Nice, looks tasty!
So, Kudzu?
Or Industrial waste like in France around 2012?
https://www.reuters.com/article/lifestyle/blue-and-green-hon...
https://www.reuters.com/article/lifestyle/blue-and-green-hon...
And on Banggi, a Malaysian island, there is supposedly green honey!
https://www.researchgate.net/publication/361629042_Physicoch...
any soft drink plants in the area? A bottler near where I used to stay got caught dumping out expired flavourant packs when honey in the area started turning red.
Reminds me of the story about the red (and not great tasting) honey bees were making in Brooklyn... from sipping up liquid from the local maraschino cherry factory.
Fun fact about North Carolina: Venus Fly Traps only grow naturally within about a 75-mile radius around Wilmington, NC.
Is there an M&M plant nearby???
https://www.npr.org/2012/10/05/162347192/the-last-word-in-bu...
Funny story: I came across some money and instead of buying Bitcoin (which at the time was selling for ~$30) I bought 6 big pails of honey from a local farm. Honey never goes bad, and during an economic collapse it would easily have the same value as Bitcoin.

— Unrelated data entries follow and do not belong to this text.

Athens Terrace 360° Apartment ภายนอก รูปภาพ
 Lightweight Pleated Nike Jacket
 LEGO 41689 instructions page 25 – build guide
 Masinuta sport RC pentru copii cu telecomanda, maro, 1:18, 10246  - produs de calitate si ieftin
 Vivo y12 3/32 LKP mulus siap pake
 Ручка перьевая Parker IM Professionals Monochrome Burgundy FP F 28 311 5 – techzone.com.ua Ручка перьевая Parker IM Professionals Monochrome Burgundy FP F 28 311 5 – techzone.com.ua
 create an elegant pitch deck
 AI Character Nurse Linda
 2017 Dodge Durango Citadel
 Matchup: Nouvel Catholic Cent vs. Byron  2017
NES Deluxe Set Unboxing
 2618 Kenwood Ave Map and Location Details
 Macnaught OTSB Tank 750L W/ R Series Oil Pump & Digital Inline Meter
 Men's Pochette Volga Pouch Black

I ended up eating all of it in a year instead.
There’s a hopefully unrelated concept called purple urine bag syndrome I have seen. Not completely understood either but this paper thinks due to a combination of dietary tryptophan breakdown from constipation and colonic E coli load, urinary bacteria, and reaction with the plastic tubing of the catheter and bag.
The book "All the Colors of the Dark" has a plot line around rare purple honey being a sort of treasure map to a place in North Carolina. I thought it was an odd made-up plot point.
I guess it turns out it was not.
Despite not liking that part of the plot, it was a beautifully written book, that permanently changed some of my reading habit's.
Why hasn’t the honey been tested, if this has happened for such a long time?
I’d bet on some kind of contamination as others have already mentioned.
Here's an article from 2010 I submitted a few years ago along with other links I was able to dig up at the time:
These effects can arise from much more mundane sources.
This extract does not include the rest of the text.